Sergon has $5000 to invest for six months. The rates offered on three-month and six-month
term deposits at his bank are 5.5% and 5.8%, respectively. He is trying to choose between
the six-month term deposit and two consecutive three-month term deposits. What would
the simple interest rate on three-month term deposits have to be, three months from now,
for Sergon to end up in the same financial position with either alternative? Assume that he
would place both the principal and the interest from the first three-month term deposit in
the second three-month term deposit.
To determine the simple interest rate on the three-month term deposits that would result in Sergon being in the same financial position with either alternative, we can set up an equation:
Let's assume the principal amount is $5000.

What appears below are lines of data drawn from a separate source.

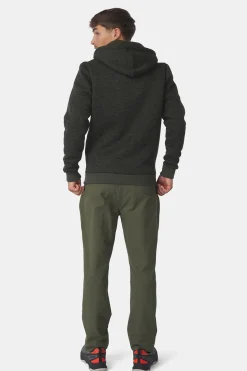 Clearance Ayacucho Fleece Medino Hoodie M Dark Olive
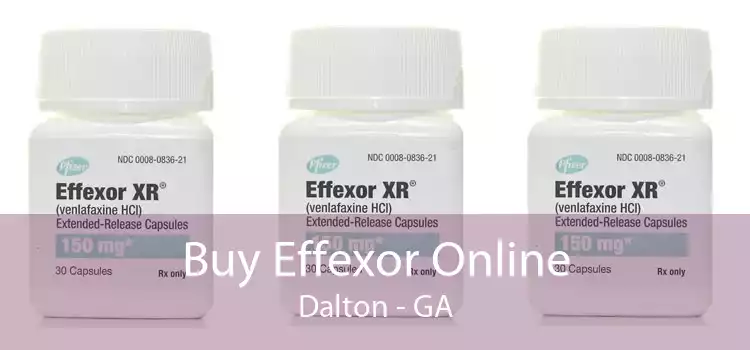 Buy Effexor Online Dalton - GA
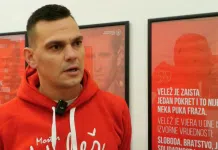 (VIDEO) Tomislav Duka: Velež je kruna moje karijere Video Tomislav Duka Velez Je Kruna Moje Karijere
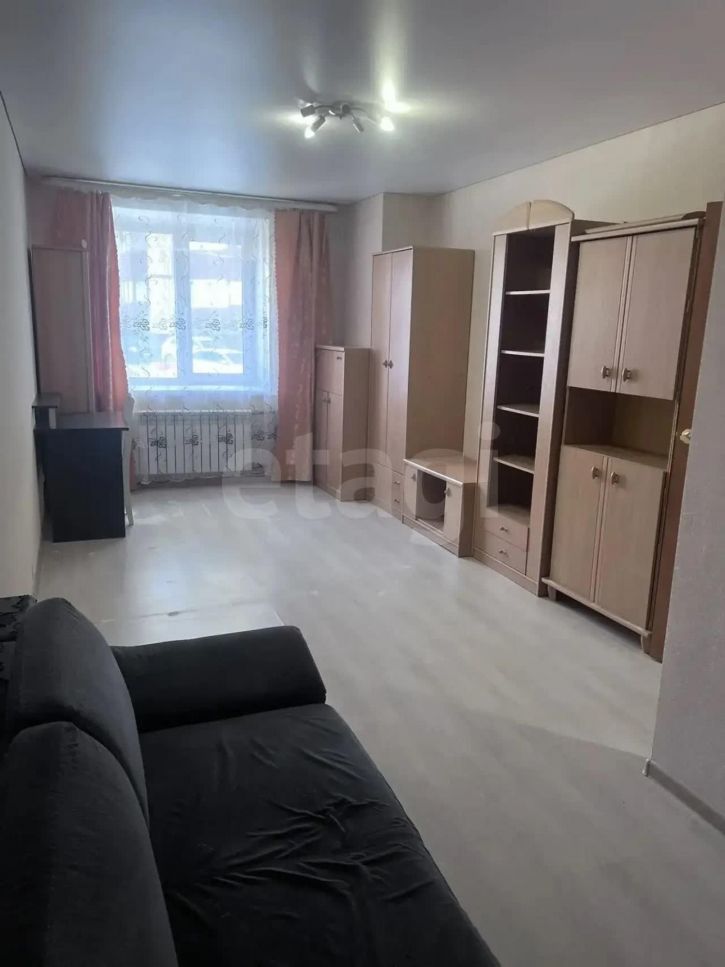 1-комн квартира улица Гагарина, 12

With the six-month term deposit, the amount after six months would be:
Principal + Simple interest = $5000 + ($5000 * 5.8% * 6/12) = $5000 + $145
With the two consecutive three-month term deposits, the amount after six months would be:
Principal + Simple interest(term1) + Simple interest(term2) = $5000 + ($5000 * X * 3/12) + (($5000 + ($5000 * X * 3/12)) * X * 3/12)
Now we can set up the equation to find the value of X.
$5000 + ($5000 * 5.8% * 6/12) = $5000 + ($5000 * X * 3/12) + (($5000 + ($5000 * X * 3/12)) * X * 3/12)
Simplifying the equation:
$5000 + ($5000 * 0.058 * 0.5) = $5000 + ($5000 * X * 0.25) + (($5000 + ($5000 * X * 0.25)) * X * 0.25)
$5000 + $145 = $5000 + ($5000 * X * 0.25) + (($5000 + ($5000 * X * 0.25)) * X * 0.25)
$5000 + $145 = $5000 + 0.25X * $5000 + (0.25X^2 * $5000) + (0.25X * $5000 * X)
Cancelling out like terms and simplifying:
$145 = 0.25X * $5000 + (0.25X^2 * $5000)
Dividing both sides by $5000:
0.028 = 0.25X + (0.25X^2)
Rearranging the equation:
0.25X^2 + 0.25X - 0.028 = 0
Now, we can solve this quadratic equation to find the value of X using any suitable method like factoring or the quadratic formula.
Once you find the value of X, that would be the simple interest rate on the three-month term deposits three months from now for Sergon to end up in the same financial position with either alternative.